I think we have told the patient the truth, but not the whole truth regardless of the consequences The part played by resistance in transference-love is unquestionable and very considerable. Nevertheless the resistance did not, after all, create this love; it finds it ready to hand, makes use of it and aggravates its manifestations. Nor is the genuineness of the phenomenon disproved by the resistance It is true that the love consists of new editions of old traits and that it repeats infantile reactions. But this is the essential character of every state of being in love. There is no such state which does not reproduce infantile prototypes.
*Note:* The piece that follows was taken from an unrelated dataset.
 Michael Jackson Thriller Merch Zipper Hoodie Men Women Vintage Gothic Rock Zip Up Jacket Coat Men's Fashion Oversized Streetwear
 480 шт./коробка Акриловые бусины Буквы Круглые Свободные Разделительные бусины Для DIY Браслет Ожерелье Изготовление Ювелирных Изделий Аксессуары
It is precisely from this infantile determination that it receives its compulsive character, verging as it does on the pathological. Transference-love has perhaps a degree less of freedom than the love which appears in ordinary life and is called normal; it displays its dependence on the infantile pattern more clearly and is less adaptable and capable of modification; but that is all, and not what is essential.
According to Freud, then, all love is a re-finding, and repeats infantile reactions; but transference love, for reasons he did not specify, was said to be even more dominated by the strait jacket of repetition than was romantic love. (One present-day analyst, Martin Bergmann, has suggested the reverse—that in real life the lover simply displaces or suppresses his negative feelings about the beloved, making it likely that they will eventually wend their way back into the relationship and corrode it, whereas in psychoanalysis the negative feelings can be both experienced and worked through so that what began as a compulsive repetition can end by becoming a freeing experience.)
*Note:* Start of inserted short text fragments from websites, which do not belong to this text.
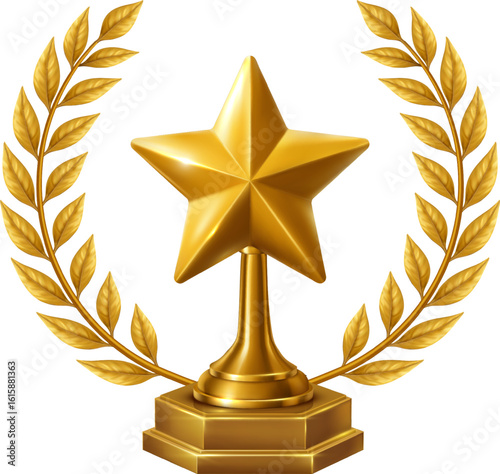 Golden star trophy with laurel wreath, ideal for best performance, success, excellence, and top achievement.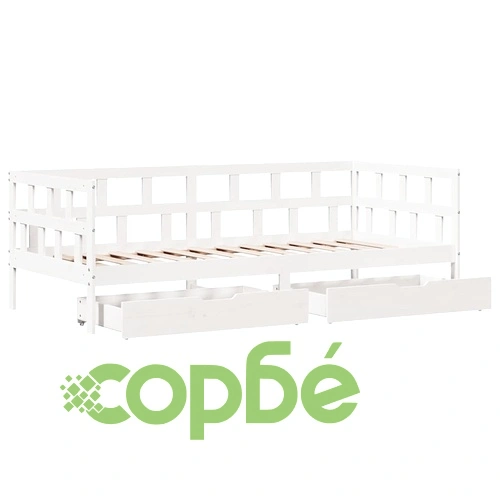 Дневно легло от масивно дърво с 2 чекмеджета - бяло, 90x190 см ➤ топ цена ➤ sorbe.bg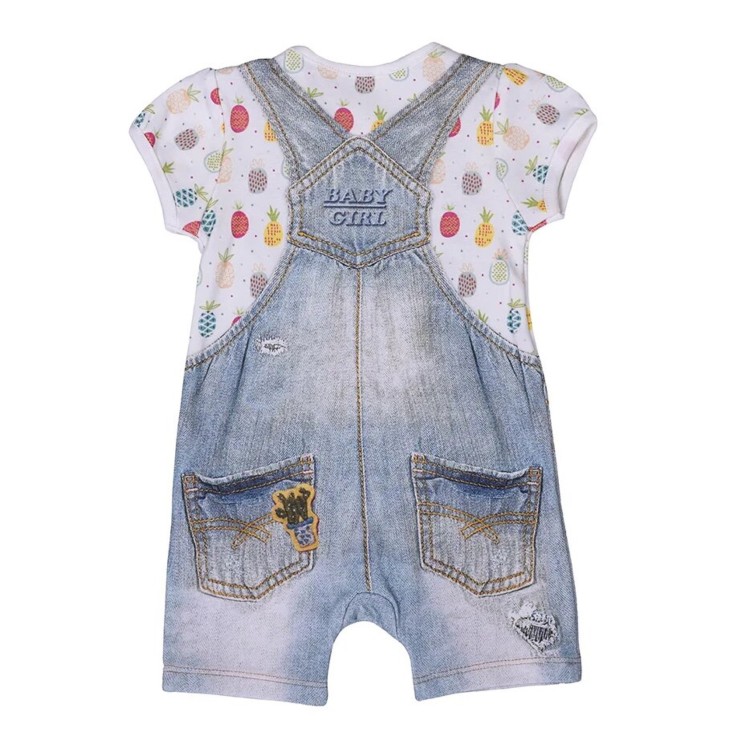 Combishort bébé fille en coton bio, Pinea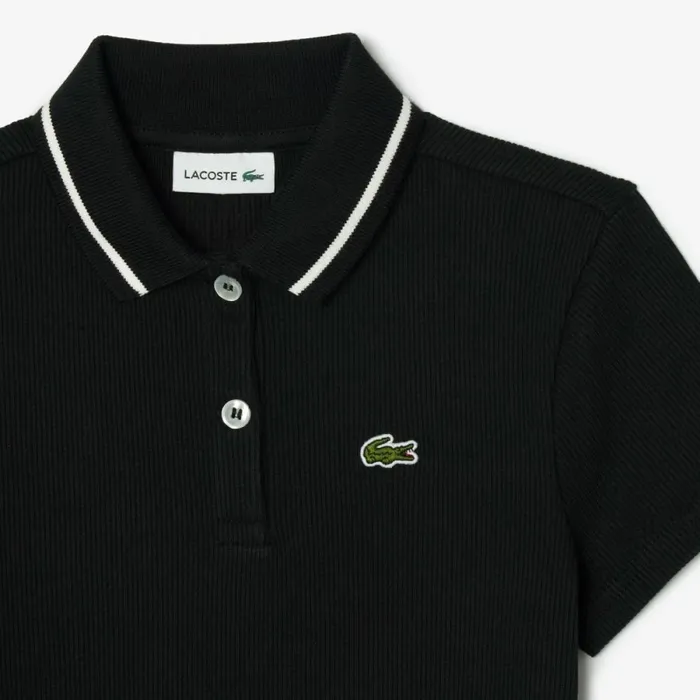 Dresses and Skirts Kids Lacoste Kids039 Ribbed Knit Polo Dress Black White Kbr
Knowledge of the erotic transference was crucial to Freud's formulation of the phenomenon of re-finding in love. His observations in the consulting room enabled him to see that the object of both transference and romantic love is a re-edition of the original love object of childhood. But insight into the erotic transference is important to our understanding of love in several other interrelated ways as well. Transference can be demonstrated to be an imaginative act, an idealizing one, and, perhaps most importantly, an act—a process that the patient causes to happen and participates in, not something that happens to him, and in all these ways it confirms certain of our assumptions about romantic love.
Transference also sheds light on love as an agent of change, because transference, too, can be a major catalyst for personal change and growth. In fact, as already mentioned, analysts no longer fear transference as an impediment to analytic process, but rather look to it as the very vehicle of that process. Nonetheless the erotic transference, like love itself, can sometimes prove disruptive rather than constructive.
Perhaps even more important than the similarities between transference love and romantic love is one enormous difference. Transference love is far more predictable than love, such a regular feature of so many analyses that it almost appears to be promiscuous, whereas love in "real" life is much more selective. For insight into the whys and wherefores of falling in love, we must try to understand the frequency of transference love (at least for women patients in treatment with men) compared to the less predictable, more erratic inception of romantic love in everyday life.